▶ **Task prompt**
From the entries below, reproduce exactly the lines from the one with "Now we're going" through the one with "Hi everyone and", both included, without images.

▶ **Listed entries**
_ _ _ _

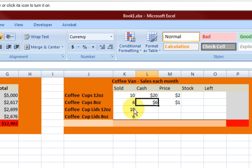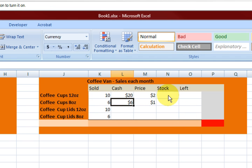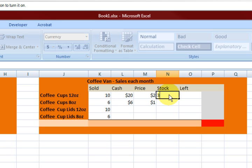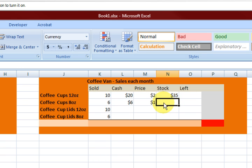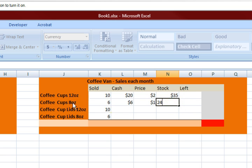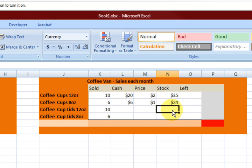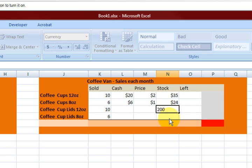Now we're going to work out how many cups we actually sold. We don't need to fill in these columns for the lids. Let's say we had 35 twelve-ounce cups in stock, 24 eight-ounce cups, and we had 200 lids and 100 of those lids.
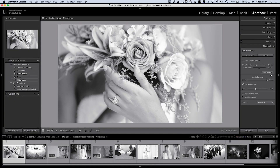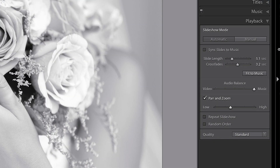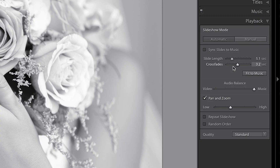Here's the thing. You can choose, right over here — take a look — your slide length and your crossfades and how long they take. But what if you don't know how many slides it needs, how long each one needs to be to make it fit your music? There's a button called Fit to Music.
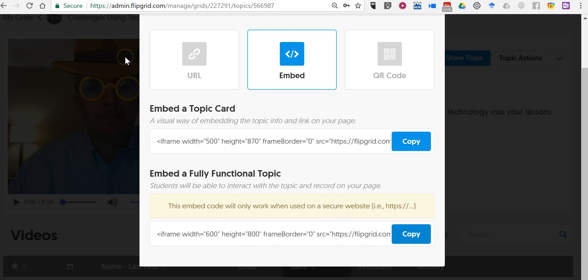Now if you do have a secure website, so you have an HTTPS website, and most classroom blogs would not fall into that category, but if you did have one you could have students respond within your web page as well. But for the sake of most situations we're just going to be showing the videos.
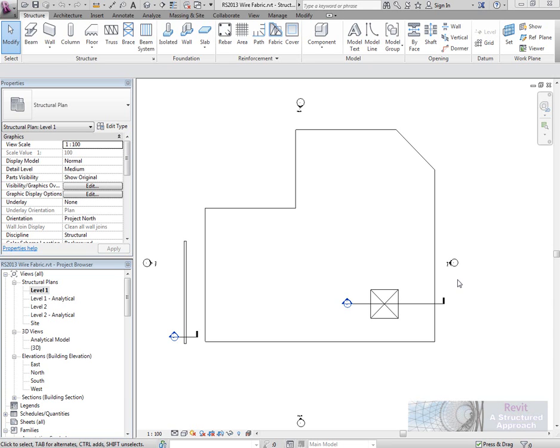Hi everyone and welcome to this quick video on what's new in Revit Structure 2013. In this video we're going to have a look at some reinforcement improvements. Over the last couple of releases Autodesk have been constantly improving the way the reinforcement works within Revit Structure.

_ _ _ _

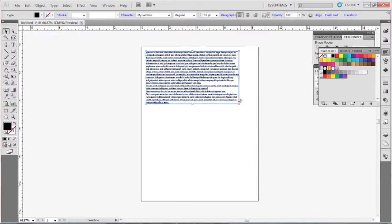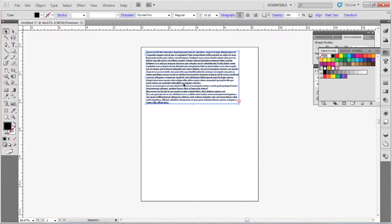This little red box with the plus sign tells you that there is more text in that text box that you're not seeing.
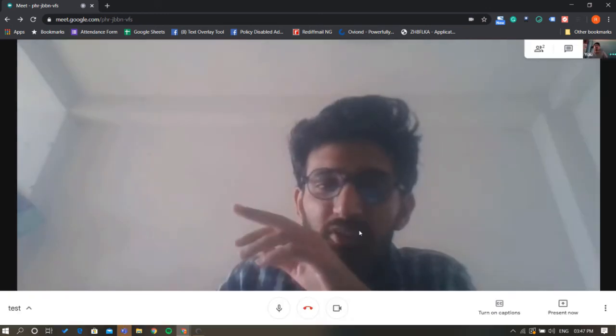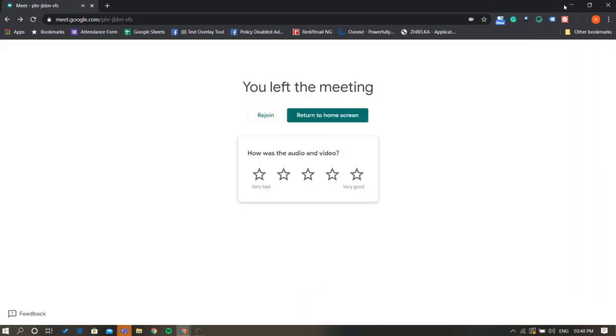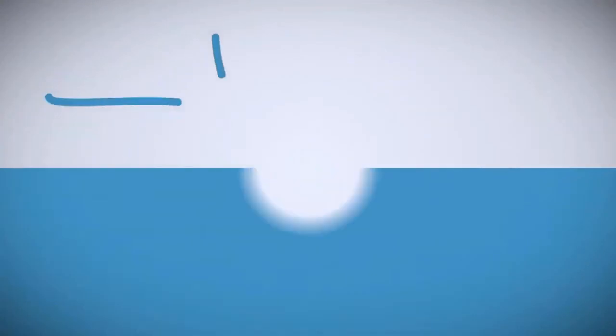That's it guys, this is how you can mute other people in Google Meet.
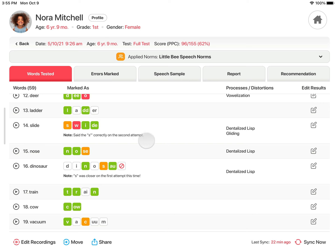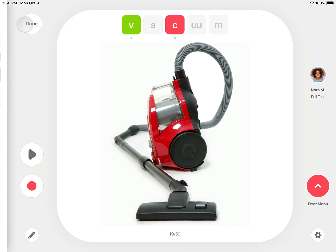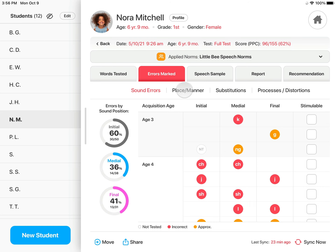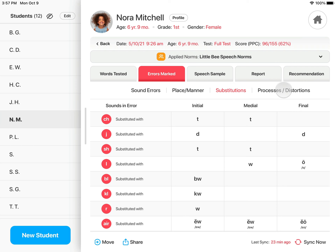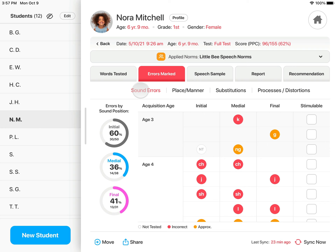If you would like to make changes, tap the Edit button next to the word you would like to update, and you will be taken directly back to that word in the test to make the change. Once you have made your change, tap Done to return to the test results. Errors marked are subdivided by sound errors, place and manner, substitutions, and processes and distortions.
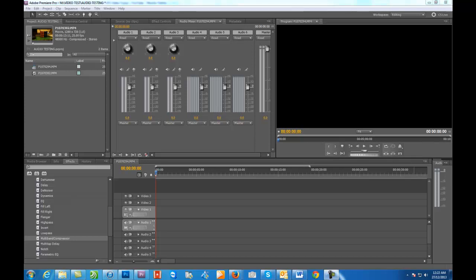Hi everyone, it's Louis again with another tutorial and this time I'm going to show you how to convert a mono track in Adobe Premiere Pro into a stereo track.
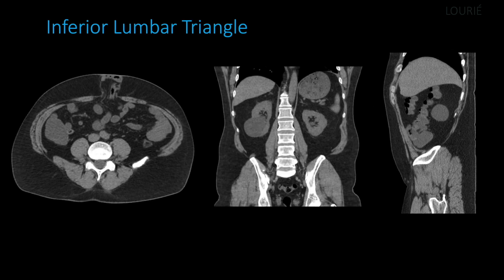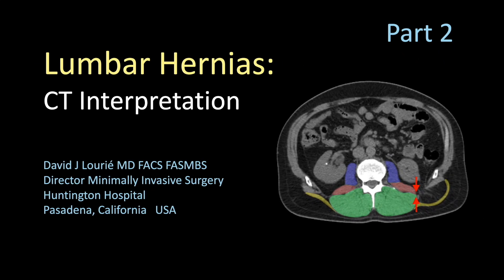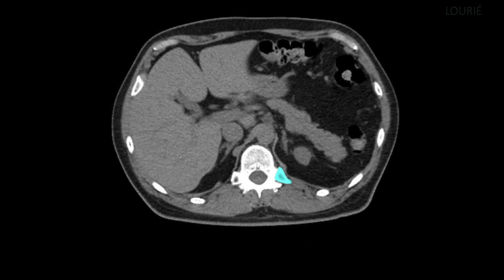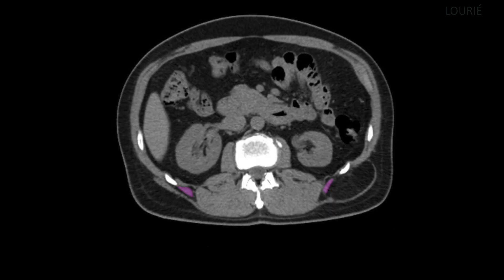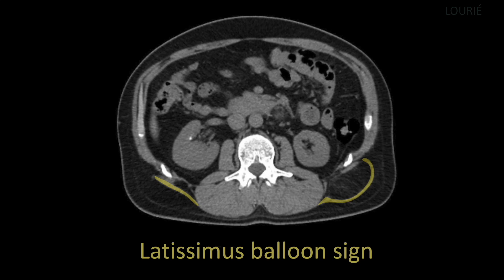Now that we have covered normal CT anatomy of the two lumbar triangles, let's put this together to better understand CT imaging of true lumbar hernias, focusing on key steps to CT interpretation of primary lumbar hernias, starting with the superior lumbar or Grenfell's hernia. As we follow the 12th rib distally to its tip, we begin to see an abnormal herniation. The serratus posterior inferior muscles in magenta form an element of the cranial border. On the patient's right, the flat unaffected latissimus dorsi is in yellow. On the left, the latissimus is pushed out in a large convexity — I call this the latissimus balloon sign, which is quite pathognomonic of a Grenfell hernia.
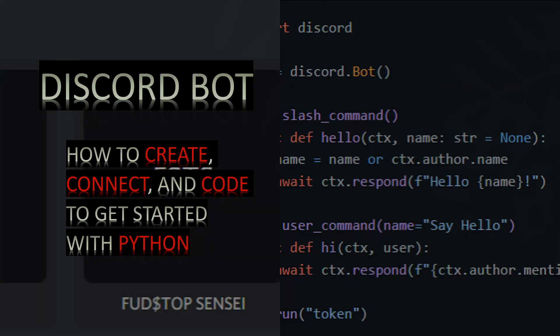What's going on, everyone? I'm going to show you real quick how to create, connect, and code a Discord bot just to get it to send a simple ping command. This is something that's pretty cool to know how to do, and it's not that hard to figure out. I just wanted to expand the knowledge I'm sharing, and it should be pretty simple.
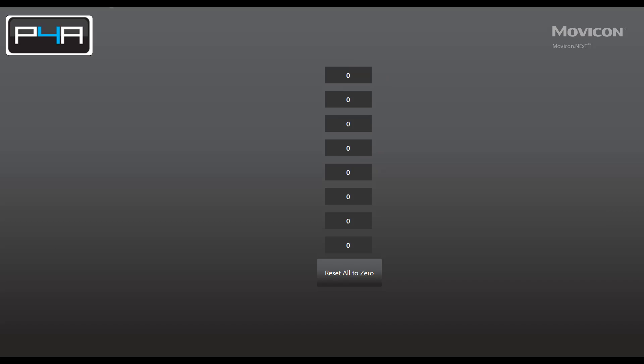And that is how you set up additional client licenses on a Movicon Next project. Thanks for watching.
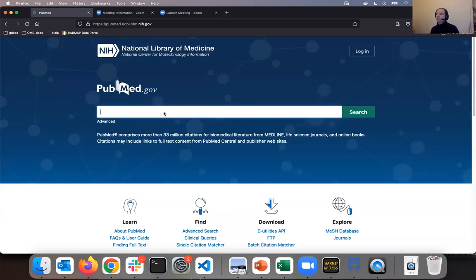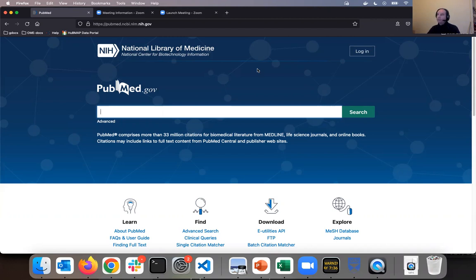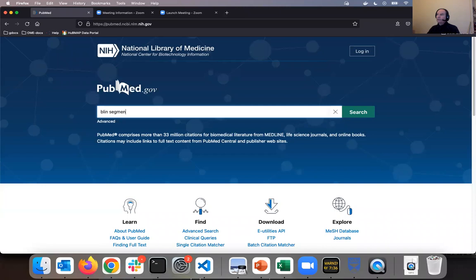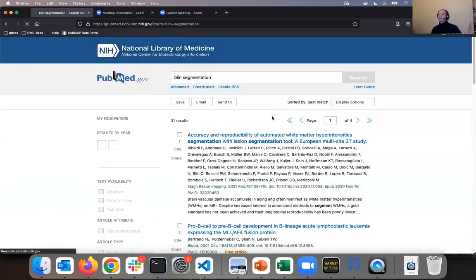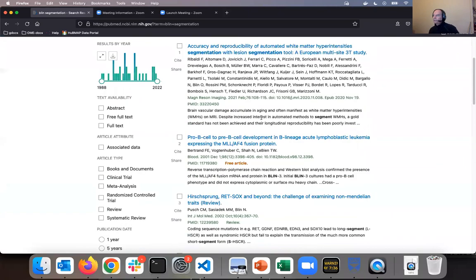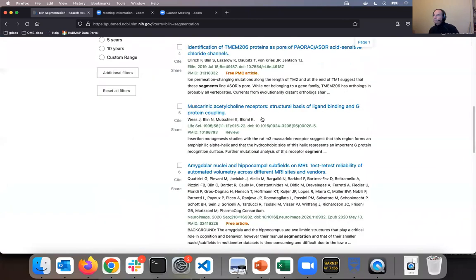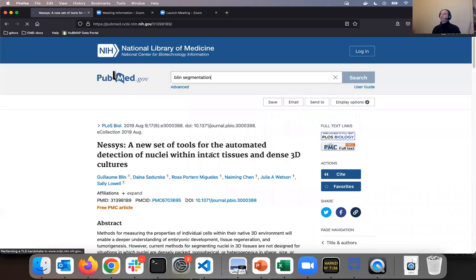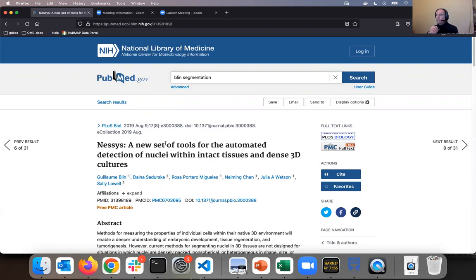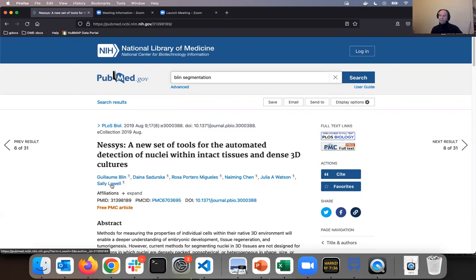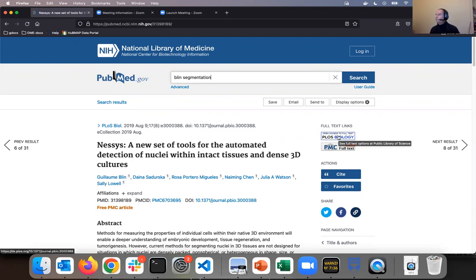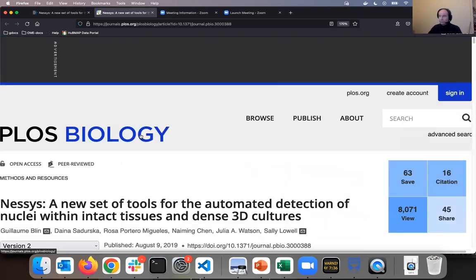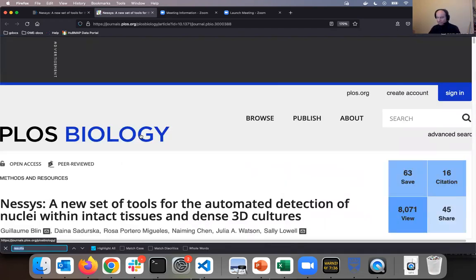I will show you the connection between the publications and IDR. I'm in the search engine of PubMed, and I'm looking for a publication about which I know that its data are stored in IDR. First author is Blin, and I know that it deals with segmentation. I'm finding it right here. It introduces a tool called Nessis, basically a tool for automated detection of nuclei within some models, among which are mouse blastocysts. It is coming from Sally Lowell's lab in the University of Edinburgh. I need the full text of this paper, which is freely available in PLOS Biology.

_ _ _ _

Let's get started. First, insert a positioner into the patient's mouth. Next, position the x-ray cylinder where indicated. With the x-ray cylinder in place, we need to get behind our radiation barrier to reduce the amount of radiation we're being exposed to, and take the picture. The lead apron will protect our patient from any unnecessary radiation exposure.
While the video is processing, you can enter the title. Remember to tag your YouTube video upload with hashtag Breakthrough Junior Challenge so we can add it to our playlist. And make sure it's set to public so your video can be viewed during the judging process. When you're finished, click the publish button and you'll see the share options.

_ _ _ _

▶ **Answer to this exercise**
Now we're going to work out how many cups we actually sold. We don't need to fill in these columns for the lids. Let's say we had 35 twelve-ounce cups in stock, 24 eight-ounce cups, and we had 200 lids and 100 of those lids.
Here's the thing. You can choose, right over here — take a look — your slide length and your crossfades and how long they take. But what if you don't know how many slides it needs, how long each one needs to be to make it fit your music? There's a button called Fit to Music.
Now if you do have a secure website, so you have an HTTPS website, and most classroom blogs would not fall into that category, but if you did have one you could have students respond within your web page as well. But for the sake of most situations we're just going to be showing the videos.
Hi everyone and welcome to this quick video on what's new in Revit Structure 2013. In this video we're going to have a look at some reinforcement improvements. Over the last couple of releases Autodesk have been constantly improving the way the reinforcement works within Revit Structure.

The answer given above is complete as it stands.